So hey, I’m new here. I’ve been coding for quite some time, and I’m ready to get a job as a developer and found that FCC could help me with that. Problem is, I have massive anxiety issues. I can fake it most times, but I’m really having a hard time starting a study group for my city. The closest one to me is pretty far, and I don’t want to drive all the way there, but also I feel a more local study group for my area could be really good. I live in a college campus based area, so it definitely couldn’t hurt. Anyways, in my head I’m like “yeah, let’s do something good for the coding community here whoohoo!” And then I get to the page that tells me how and I start freaking out. I know I probably sound whiny, I’m just looking for some tips and maybe a little support?
The woman that runs my city’s FCC Meetup wrote a great article about her experiences for the FCC Medium publication:
That’s a great article!
I share your feeling of woo hoo about certain stuff then a sudden realization that I’m not built for that kind of social interaction…
but I will say that the few times I got involved in local groups and got over that initial uncomfortableness of meeting new people and they flipped over to being friends it was totally worth the experience…
I’ve met some great people being involved in the groups I am involved in.
So, go for it, jump in with both feet and before you know it the group will be a support network instead of just something that creates anxiety…

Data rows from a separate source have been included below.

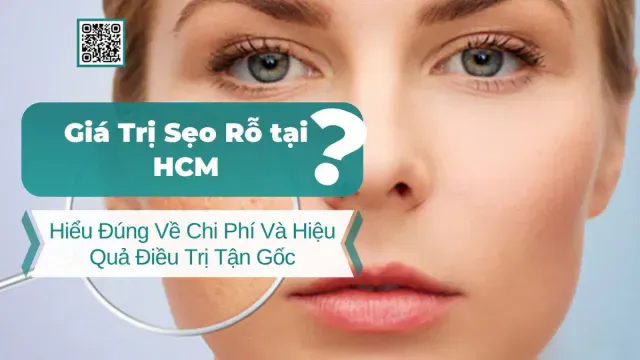 Giá Trị Sẹo Rỗ HCM: Hiểu Đúng Về Chi Phí Và Hiệu Quả Điều Trị Tận Gốc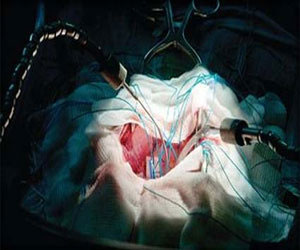   مصر اليوم - بدء أعمال المؤتمر الخليجي الرابع لجراحة المخ والاعصاب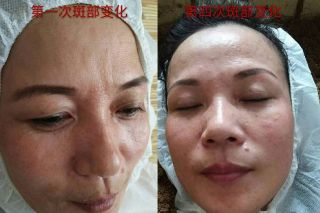 免费体验！女人做了变美，男人做了健康！在昌吉你还不知道就out了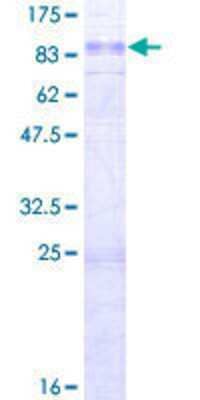 12.5% SDS-PAGE Stained with Coomassie Blue.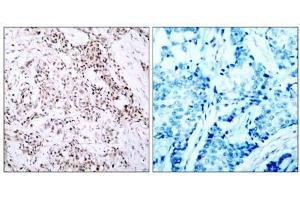 Immunohistochemical analysis of paraffin- embedded human breast carcinoma tissue using Estrogen Receptor-α (Ab-106) antibody (E021066). (Estrogen Receptor alpha antibody)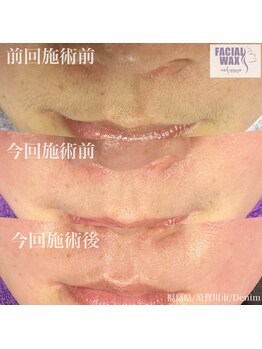 デニム(Denim)/永久な脱毛ではありませんが、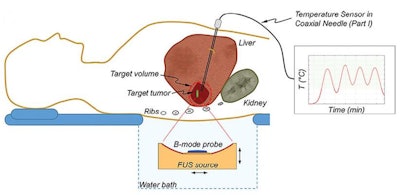 Diagram showing the treatment concept. In the first six participants, target temperature was monitored with a thermometry device implanted through a coaxial needle; for the other four participants, no thermometry device was used. Image courtesy of Michael Gray, PhD, et al, Radiology.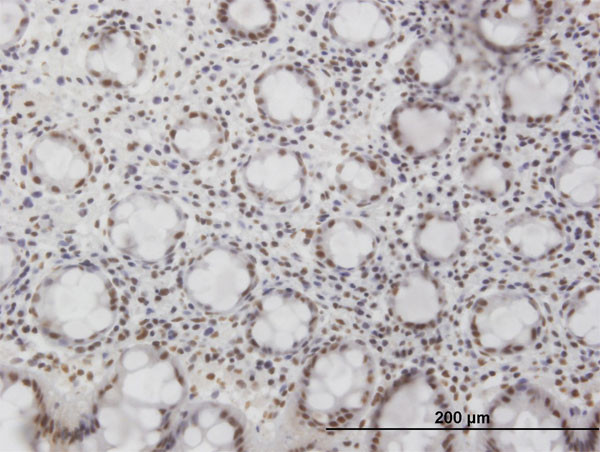 NFKB1 Antibody in Immunohistochemistry (Paraffin) (IHC (P))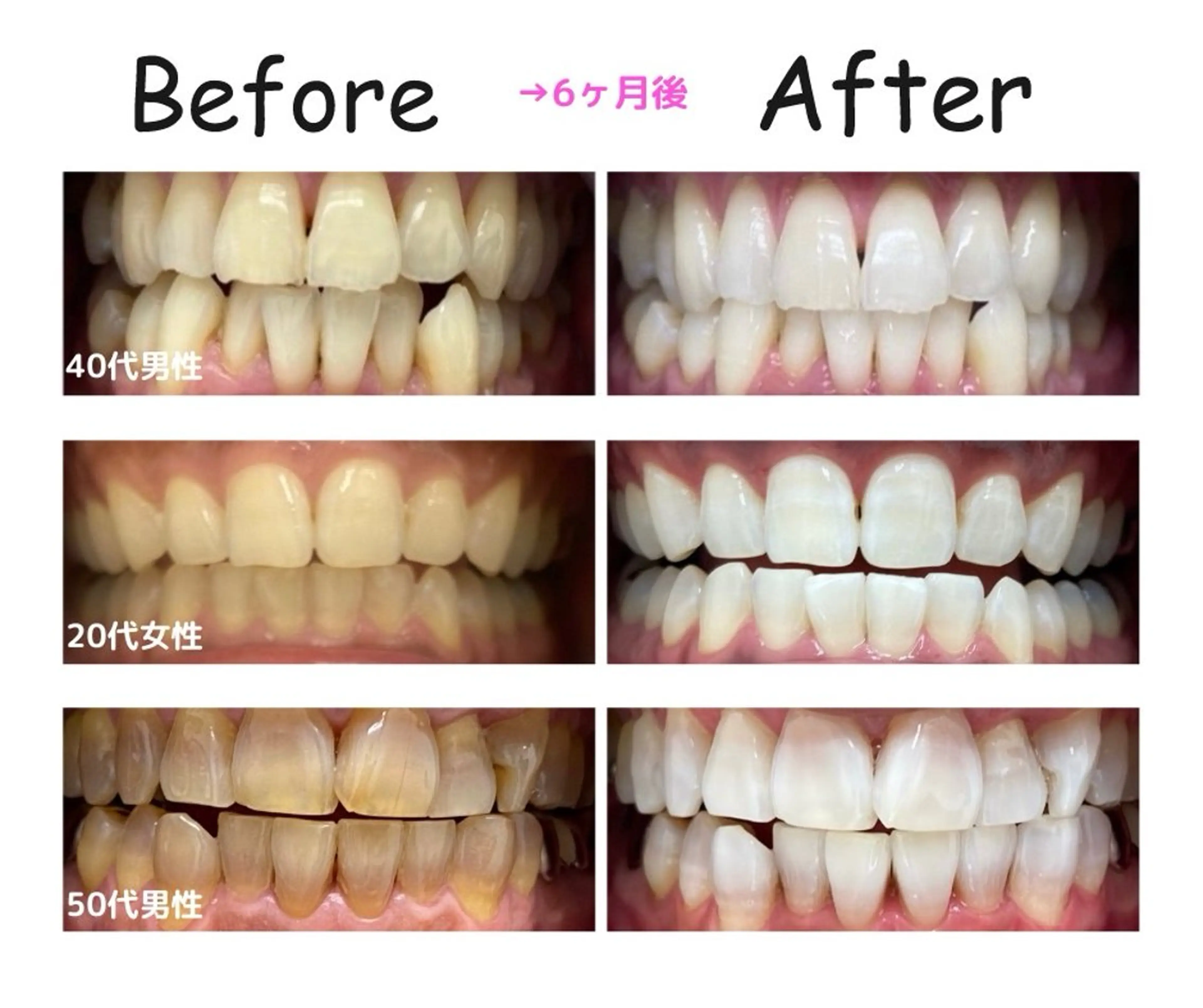 エクシアホワイトニング日本橋所属・エクシア ホワイトニング日本橋のその他イメージ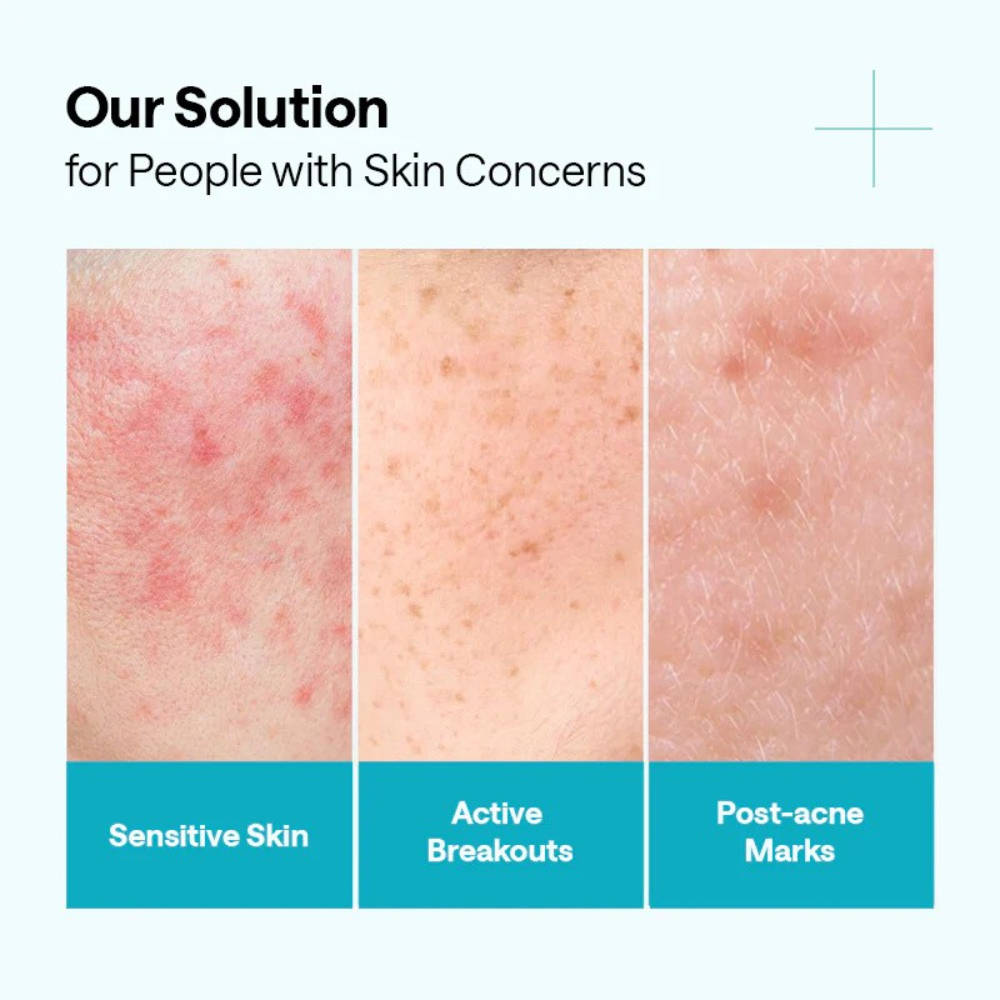 Madecassoside Blemish Repair Serum - Korean Face Serum with Centella Asiatica & Niacinamide | Z8 - view 3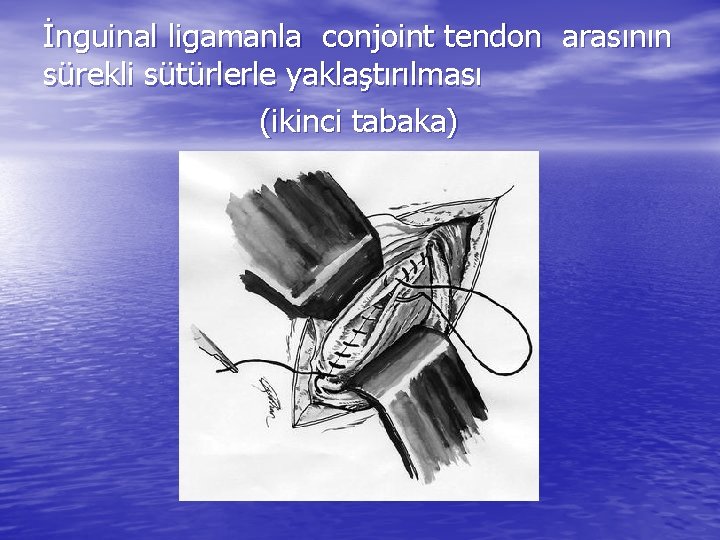 İnguinal ligamanla conjoint tendon arasının sürekli sütürlerle yaklaştırılması (ikinci tabaka) 
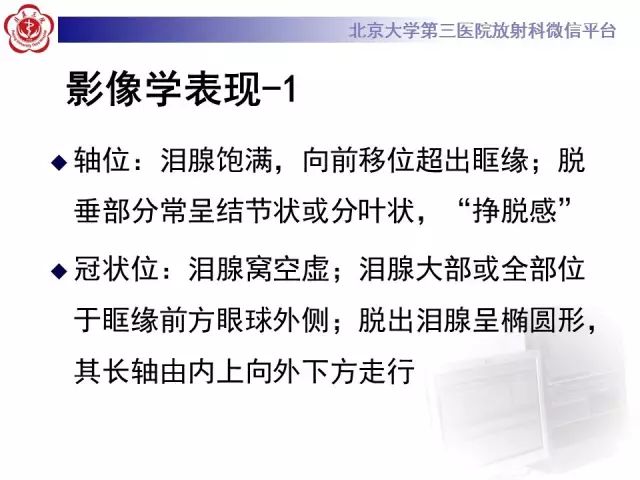 【病例】双侧泪腺脱垂1例CT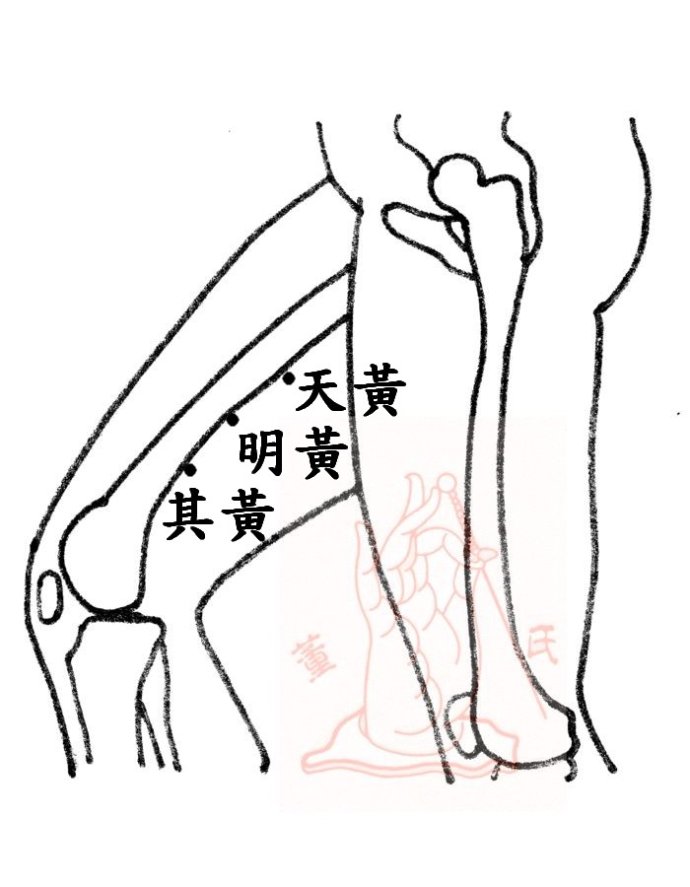 董氏针灸之眼袋的针灸治疗方法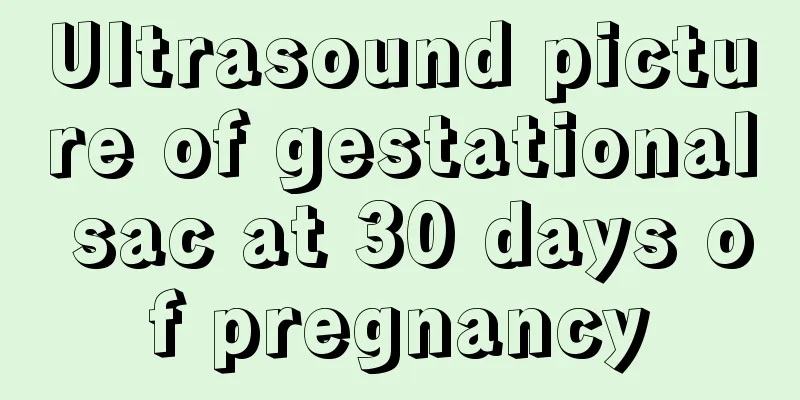 Ultrasound picture of gestational sac at 30 days of pregnancy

This is really great advice. I guess, too, I’ve never been to one of these meetups, so starting one is really overwhelming. What normally goes on at these things? How about do I go about keeping people interested and starting that close-knit support system that you have?
At our one, it’s very casual but we encourage people to give lightning talks. Typically the ones that have a lightning talk tend to attract more people, I guess because they know something will be happening.
We just work through FCC challenges and projects and occasionally call out for help if someone gets stuck. Sometimes people just chat about their projects or hopes and fears for jobs!
It’s good to have a little core group who are welcoming of newbies - if everybody who comes gets a positive interaction with someone else they will come again
I’d suggest start a facebook group about your FCC meetup.
If new people join, greet them at facebook.
in other words, make some “low-stress” communications over facebook with the members of the group.
Once you have enough members, throw the idea "hey, you guys wanna meet for coffee"
at that point, you guys already have some rapport over the FB group… just not face to face.
The coffee meetup is again a low-stress factor.
Over there, you can gather input if they’ll be interested in a show-and-tell kind of meetup, or learning session or tutorial or whatever. If enough people express interest, then your next challenge is finding the space to rent and the time availability so that most people can attend this meetup.
I guess what I mean is: don’t focus on running a great tech Meetup, focus on just being nice to people that arrive.
Then you’ll have a great tech Meetup!
You can also try to find a local coding centred workspace / campus and see if they will ‘sponsor’ you by letting you use the space after the work day is over.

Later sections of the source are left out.